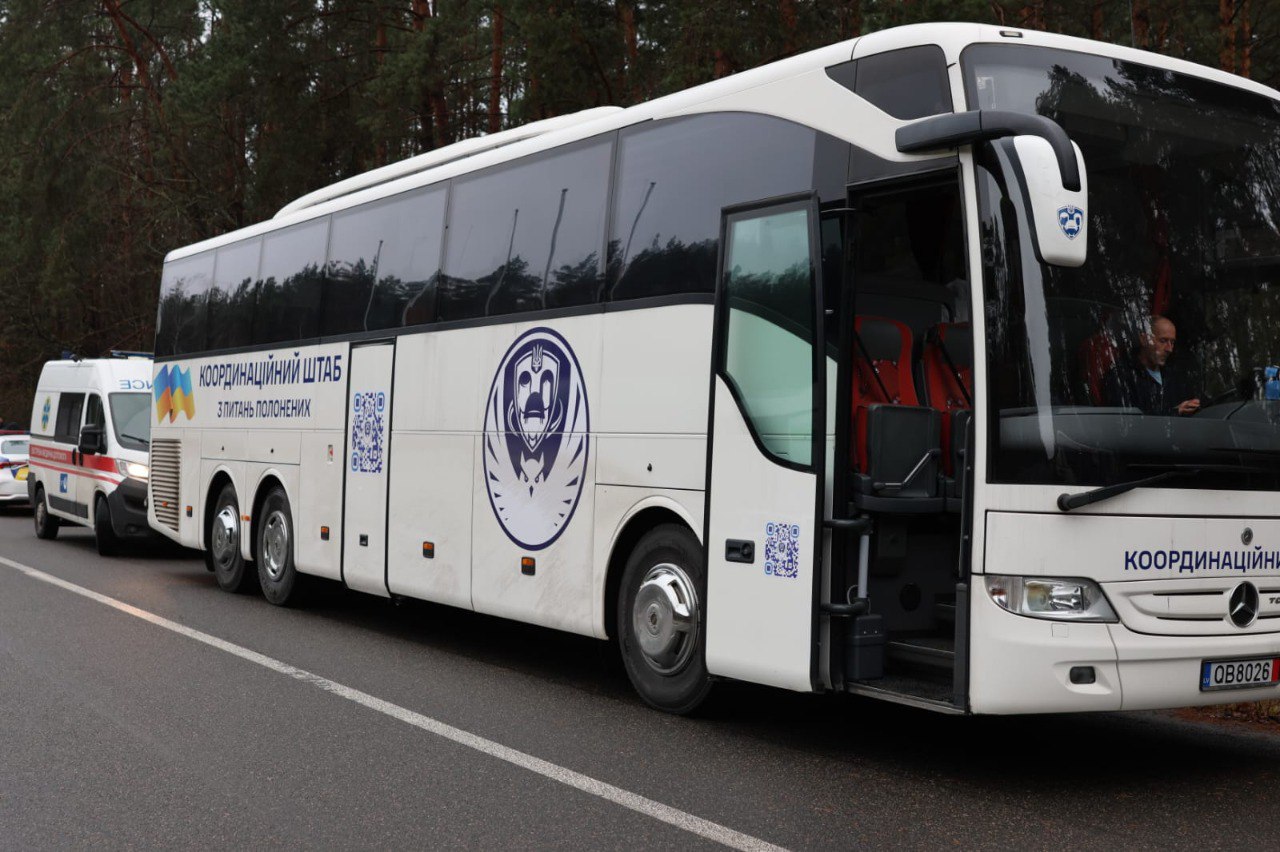 До України повернулися десятки українців, затриманих у Беларусі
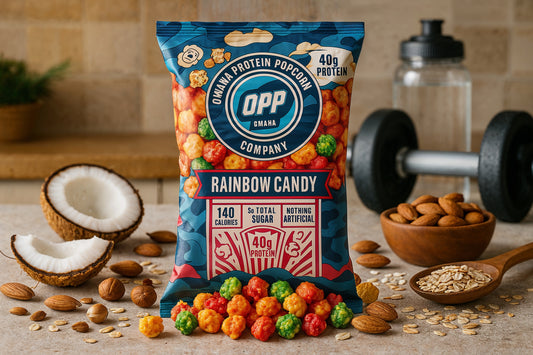 How to Snack Smart: Upgrade Your Munch Game Without Sacrificing Fun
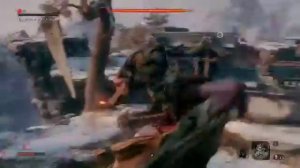 КАК ПОБЕДИТЬ ВЕЛИКАНА В КОЛОДКАХ?-ГАЙД Sekiro: shadows die twice.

□ □ □ □ □

■ **Problem to work on**: Output the material above verbatim but exclude each picture.

■ **Result of the task**:
 До України повернулися десятки українців, затриманих у Беларусі
 How to Snack Smart: Upgrade Your Munch Game Without Sacrificing Fun
 КАК ПОБЕДИТЬ ВЕЛИКАНА В КОЛОДКАХ?-ГАЙД Sekiro: shadows die twice.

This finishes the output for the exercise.